Für den Fall, dass nach dreißig Wahltagen immer noch kein Papst gewählt ist, greift Hadrian VII. auf ein Modell zurück, mit dem manche östlichen Kirchen seit Langem erfolgreich ihre Vorsteher bestimmen. Die Kirchenversammlung erhält die Möglichkeit, mit Zweidrittelmehrheit eine Dreierliste von Kandidaten zu beschließen, die vorher durch Kompromissäre einstimmig nominiert worden sind. Während der Heilig-Geist-Messe wird aus der Apostelgeschichte der Abschnitt über die Nachwahl des Matthias anstelle des Judas (Apostelgeschichte 1,15-26) vorgelesen, dann entscheidet wie bei dieser ersten Apostelwahl das Los. Man überlässt nach einer Vorauswahl die letzte Entscheidung über den geeigneten Papst Gott selbst, menschliche Verantwortung und göttliche Gnade wirken zusammen, so jedenfalls begründet Hadrian VII. seine Entscheidung.
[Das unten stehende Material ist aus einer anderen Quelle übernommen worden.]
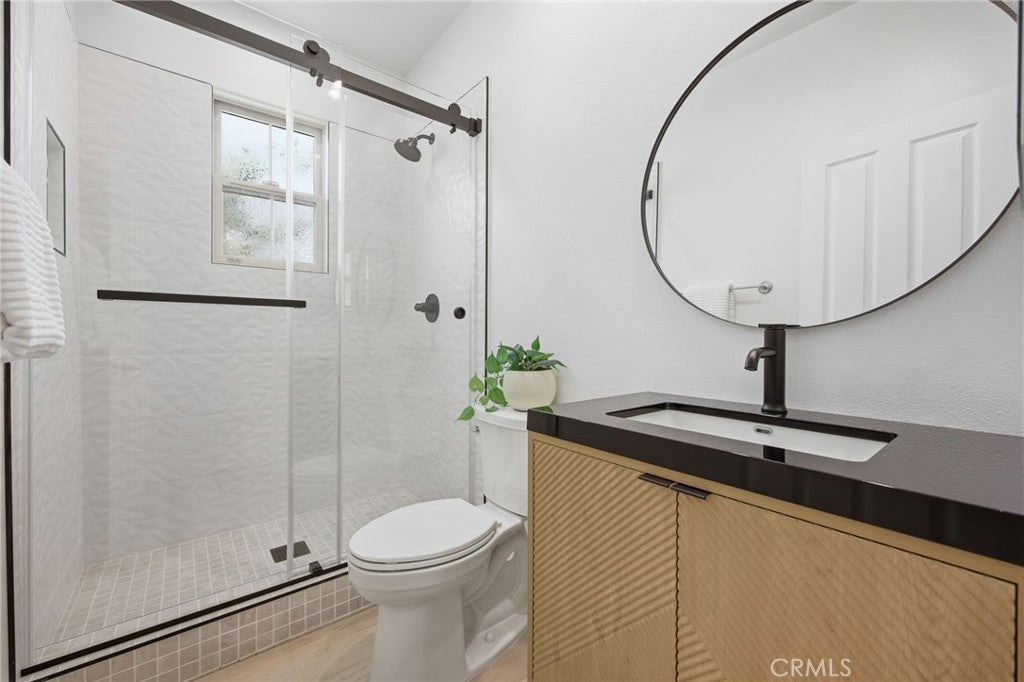 19 Via Soria, San Clemente CA 92673 - Photo 22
Auch die Frage, was den Papst eigentlich zum Papst macht und ab wann der Papst Papst ist, beantwortet "In Nomine Domini" eindeutig: Der Papst wird Papst durch seine Weihe zum Bischof von Rom, wie es der altehrwürdigen Tradition entspricht. Denn nur als Bischof von Rom kann er den Petrusdienst wahrnehmen. Deshalb datieren die Regierungsdaten der Päpste künftig auch nicht mehr vom Tag der Wahl, sondern vom Tag der Bischofsweihe an.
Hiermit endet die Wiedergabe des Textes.